Consolidating Chinese character variants in preparation for nominative linkage

While carrying out nominative linkage of records of individuals in different editions of a database we are constructing, we ran into three types of problems:

Different variants of the same character were used when entering the same individual’s surname or given named in different editions, preventing a link from being made. This was sometimes the result of the coder’s keying, and in other cases, it seemed to reflect differences in the character in the original.
Keying mistakes by coders led to the occasional entry of a simplified character, when a traditional character should have been entered.
A character in an individual’s given name was replaced with a homonym, preventing a link from between made.

To deal with this, we wrote code in STATA to

Consolidate variants for the purpose of nominative linkage by replacing them to the most common variant that appears in our dataset. This isn’t necessarily the ‘right’ variant and we are only doing the replacement temporarily, when we do linkage. We preserve the original entry in the dataset. Since we are linking on surname, given name, and for anyone who wasn’t in the Banners, province and county of origin, we’re not too worried about the prospect of false positives created by linking someone to someone else who has the exact same province and county of origin, and identical other characters in their surname and given name, but whose name actually included the variant.
Translate simplified characters to traditional characters. Again, this is only for linkage. We’re not worried about false positives because for a link to be made correctly, the other person would need to be identical on all the other characters in their province, county and surname and given name, and differ only in that one character was written with a traditional character, rather than the traditional character that is now the simplified version of that traditional character.
Translate strings of Unicode characters into pinyin, with tones, and then allow for matches to be made in situations where the combination of province, county, surname and given name were identical except for one character that was nevertheless a homophone.

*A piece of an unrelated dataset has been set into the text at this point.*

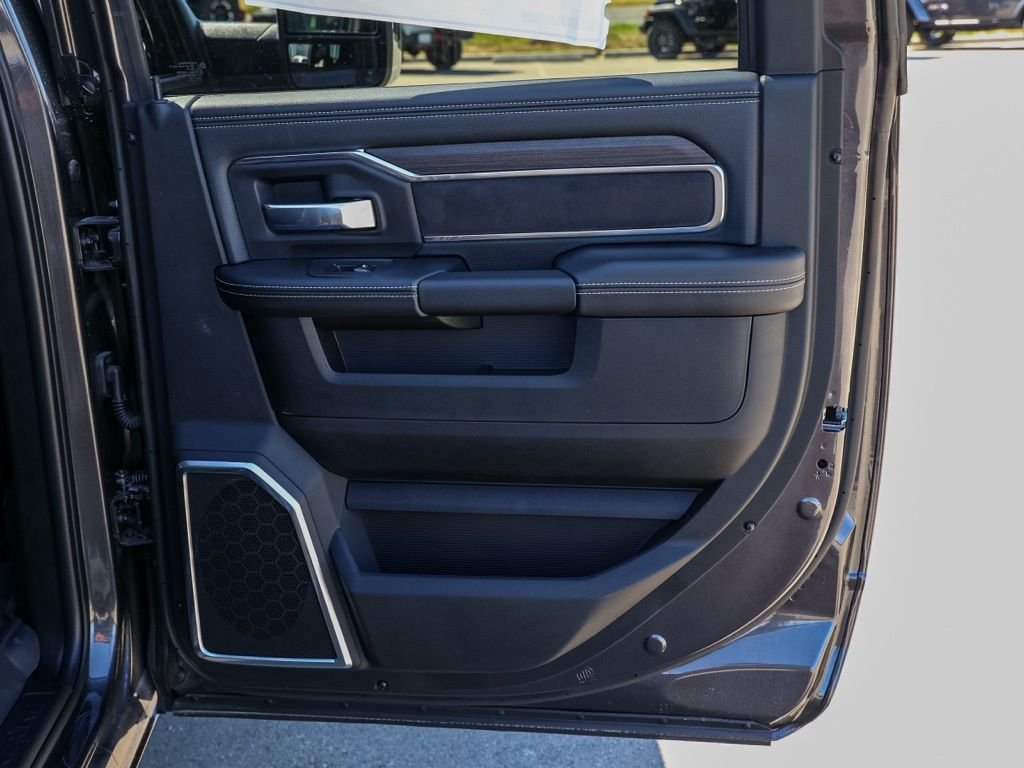 New 2026 Granite Crystal Metallic Clear-Coat Exterior Paint RAM Laramie image 17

In the hope that our programs and the tables used for mapping might be useful to someone, we provide them below.

Please keep in mind that these were developed for a very specific purpose, nominative linkage, where false positives were unlikely, because we were matching on additional information, and we considered it very, very unlikely that there could be two people from the same province and county, whose combination of name and surname differed by only one character, and the different characters were both variants of a same character. For our purposes, even a few false positive would not be much of a problem. However, for other purposes, the programs below might be inadequate, and some details we have swept under the web might be crucial. If you are dealing with a situation where more precision is important, you are of course welcome to take what we have done as a starting point and come up with something better. We do hope that you will refer to this blog entry.

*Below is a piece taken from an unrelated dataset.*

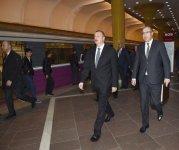 Ilham Aliyev becomes acquainted with retro carriages of Baku Metro (PHOTO) (UPDATE)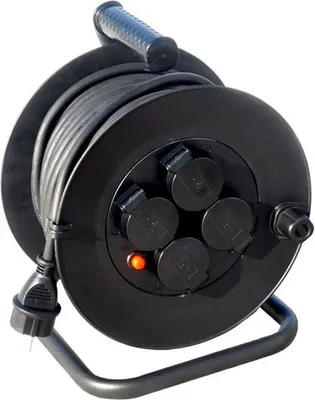 Zdjęcie produktu dla Solight PB34, Czarny, 4 x gniazdo sieciowe, Pleciony, 50 m, 1,5 mm², IP44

The other caveat is that we just don’t have time to provide any help or answer questions. For the time being, these programs are sufficient for our purposes, and we are not inclined to do much more work on them. I can’t incorporate suggestions, and if you have questions about the code or the tables, I may or may not be able to answer. The material we have made available here will be most useful to someone who knows STATA, or some programming language.

Our programs rely on mappings constructed from files we downloaded from the Unicode website: http://unicode.org/charts/unihan.html, in particular Unihan.zip from the folder http://www.unicode.org/Public/UCD/latest/ucd/. Within that zip file, Unihan_Variants.txt was the basis for our mapping of character variants and simplified/traditional variants. Unihan_Readings.txt was the basis for our mappings to pinyin. We imported these files into STATA, and then produced three different files, one for the variant mappings, one for simplified/traditional mapping, and one for pinyin. We did additional processing to narrow down the variant mappings so that they would all converge on the version of a character that was most common in our dataset.

We have a STATA .do file that defines programs to carry out these tasks. It needs three .dta files mentioned above that you will also have to download and place in a folder: Character variants recodes.dta, Simplified to traditional.dta, and Unicode pinyin.dta.

Before executing any of the programs, you will need to define a global macro named conversion that specifies the path to the folder in which the .dta files that they need have been placed:

global conversion “pathname“

Replace pathname with the path to the folder, for example, C:\Users\camcam\Documents\StataFiles

Consolidating variants

The program to consolidate variants, consolidate_variants, expects three arguments:

consolidate_variants varname1 newvarname1 newvarname2

The first, varname1, is a string variable already in memory that will be the subject of the processing. The second, newvarname1, is a string variable to be created that will be where the output is placed. The third newvarname2 will be a string variable to be created which will include a list of the transformations that were made.

The program dices the Unicode string into its constituent characters, converts each character to a Hex representation of its Unicode value, merges with Character variants recodes.dta to obtain a new value if available, and then reassembles everything. Looking at it, there are things I would do to speed it up and simplify it, but I don’t have time.

In the file Character variants recodes.dta, unicode is the ‘before’ version, unicode_cv is the ‘after’ version, and for reference, the Chinese characters corresponding to the before and after Unicode values are included as original_cv and outcome_cv, respectively. Outcome_cv_total is the count of the number of times the outcome character appeared in our data, and was the basis for the decision about which character was ‘before’ and which one was ‘after’.

For reference, here is the Excel file with the variant mappings.

Converting simplified to traditional characters

The program to transform simplified to traditional, to_traditional, is invoked the same way:

to_traditional varname1 newvarname1 newvarname2

newvarname1 will contain the traditional version of varname1, and newvarname2 will contain a list of the changes that were made.

Here is the Excel file with our simplified to traditional mappings.

Converting characters to pinyin

Finally, to_pinyin creates a string of pinyin with tones. It is invoked with two arguments, the first being the name of an existing string, and the second the name of a string to be created.

to_pinyin varname1 newvarname1

Here is the Excel file with our mappings to pinyin.

Stripping out tone marks in the pinyin

We also created a program to strip tone marks out of the pinyin strings created by the code above.

pinyin_no_tone varname1 newvarname1

This is hopefully self-explanatory.